Nenhuma equipe econômica tem autonomia em relação ao presidente. Isso não existe. Já vimos isso em governos anteriores. Nessas agendas que envolvem mexer com muitos grupos organizados, agendas que dependem de capital político, o máximo que o ministro pode fazer é levar ao presidente a melhor solução técnica, avaliar os prós e contras. É claro que ele também pode ajudar nas negociações, mas é o presidente quem tem de topar a briga e colocar os seus negociadores e estrategistas políticos em ação. Isso vale para qualquer governo. O que podemos discutir é qual o grau de influência que o time econômico tem para pautar essas coisas. O quanto a equipe consegue ter credibilidade, e o presidente dá o devido peso para essas discussões técnicas. Pelas próprias falas do Haddad, percebemos que ele não vai entrar em brigas se isso não for minimamente costurado com o Lula. Não vejo como. Ele mesmo diz: a palavra final é do Lula. E funciona assim mesmo. Agora, não se deve confundir isso com falta de poder do ministério. Tem horas em que vai ter mais peso, tem horas em que vai ter menos peso… Depende do tema. Não existe um time econômico que vai lá e impõe a agenda.
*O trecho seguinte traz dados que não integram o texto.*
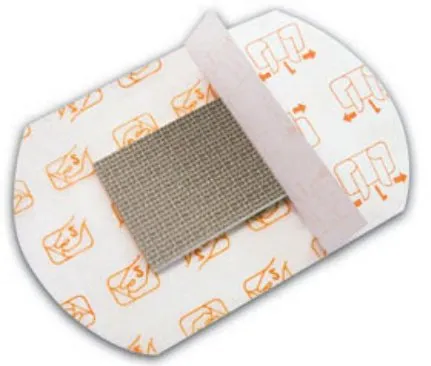 Smith & Nephew - 66021770 - Dressing 10 x 12cm, 4" x 4&frac34;", Acticoat&#153; (with Silcryst&#153; Nanocrystals), Post Op, 5/bx (US Only)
Depende da importância do tema, para ver se vai prevalecer a recomendação técnica da Fazenda ou a visão da classe política.
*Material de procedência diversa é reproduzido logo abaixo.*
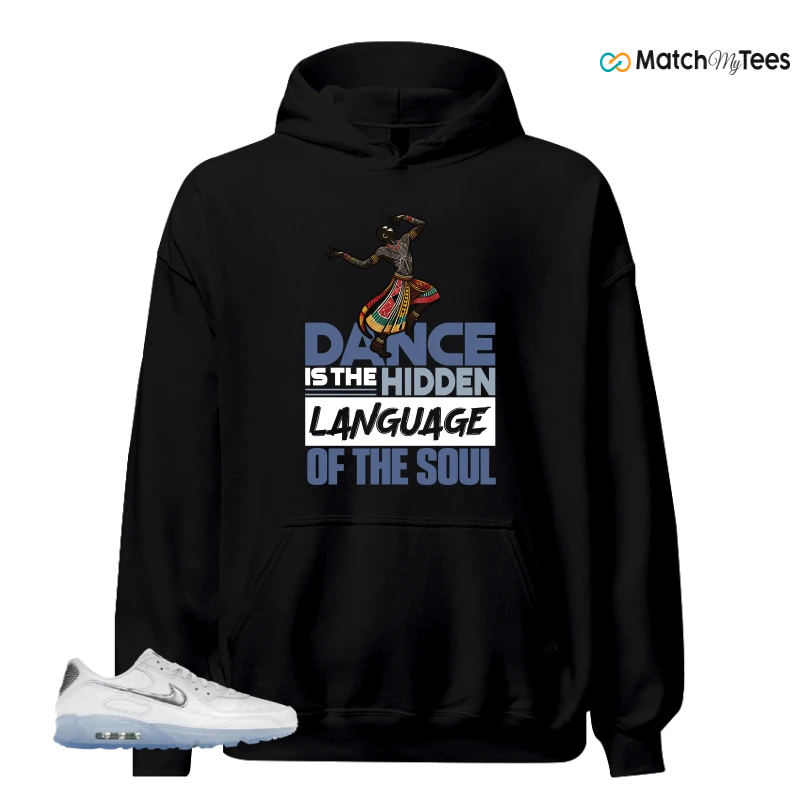 NIKE AIR MAX TERRASCAPE 90 WHITE BLUE TINT PURE PLATINUM SNEAKER Matching Tees hoodie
Antes de assumir a Fazenda, Fernando Haddad era visto sob forte desconfiança pelo mercado. Como você avalia a atuação do ministro no primeiro ano de governo? Foi uma boa surpresa?

O ministro Haddad teve alguns acertos muito importantes. A questão da reforma tributária foi um grande acerto. Ele criou uma secretaria para isso. Ele disse ao presidente que aquela era uma agenda importante para o país. Aparentemente, ele se mostrou politicamente hábil em alguns momentos. O que eu vejo como um ponto que preocupa é uma agenda muito concentrada em aumento de arrecadação, muito pautada pela receita. O grande teste para o Haddad é o quanto ele vai conseguir trazer a agenda de contenção de gastos. Em que momento ele vai trazer o Lula para essa agenda. Essa é a grande questão que mexe na percepção dos agentes econômicos e que vai definir o quanto se vai conseguir segurar o funcionamento do arcabouço fiscal. Cedo ou tarde, o ministro terá de colocar isso em pauta. Tem que ter muita sorte para emplacar essa agenda de contenção de despesa. Eu não via o Haddad no ministério como um desastre. Nunca pensei dessa forma. Por outro lado, acho que ele ainda não passou pelo seu grande teste.